The following code defines the basic setup for Glue[Crawler]+Airflow. Assume there are some other working tasks that are defined before and after it, which are not included here.

run_crawler = AwsGlueCrawlerHook()
run_crawler.start_crawler(crawler_name="foo-crawler")

Now, here is an example flow:

json2parquet >> run_crawler >> parquet2redshift

Given all this, the following error manifests on the Airflow Webserver UI:

Broken DAG: An error occurred (CrawlerRunningException) when calling the StartCrawler operation: Crawler with name housing-raw-crawler-crawler-b3be889 has already started

I get it: why don't you use something other than the start_crawler method...? Fair point, but I don't know what else to employ. I just want to start the crawler after some upstream tasks have successfully completed but am unable to.

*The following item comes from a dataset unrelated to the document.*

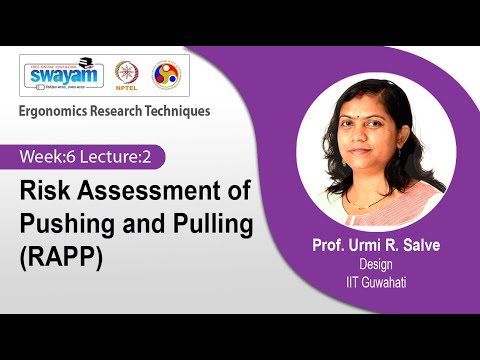Ergonomics Research Techniques Introduction Video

How should I resolve this problem?

nate
  • 440
  • 2
  • 8
  • 18

2 Answers2

1

json2parquet >> run_crawler >> parquet2redshift

In Airflow, the bitwise right shift Python operator (>>) is used to define a downstream relationship between 2 operators (e.g. BaseOperator).

Declaring a DAG > Task Dependencies (Airflow)

run_crawler = AwsGlueCrawlerHook()
run_crawler.start_crawler(crawler_name="foo-crawler")

run_crawler (AwsGlueCrawlerHook) is not an operator. It is a subclass of BaseHook. The >> (and <<) Python operator can be used with objects that are a subclass of BaseOperator.

airflow.hooks.base
airflow.models.baseoperator

How should I resolve this problem?

run_crawler needs to be implemented as an operator (e.g. BaseOperator).

PythonOperator is a type of operator. The GlueCrawlerOperator is more feature-rich with respect to creating, updating, and running a Glue crawler. The operator executes idempotently. For example, if a crawler with the same name already exists, the operator will run it. Otherwise, it will create it.

GlueCrawlerOperator (Airflow)

Andrew Nguonly
  • 2,258
  • 1
  • 17
  • 23
0

This issue came up because of my lack of Airflow knowledge. Using PythonOperator and encapsulating the functionality above in that object solved this issue. For example, a workable approach looks something like this:

def glue_crawler_parquet2redshift():
    run_crawler = AwsGlueCrawlerHook()
    return run_crawler.start_crawler(crawler_name="housingGlueCrawlerParquetRaw")

glue_crawler_parquet2redshift_task = PythonOperator(
    task_id='ingestHousingRawParquet',
    python_callable=glue_crawler_parquet2redshift,
    dag=housing_dag,
    )
nate
  • 440
  • 2
  • 8
  • 18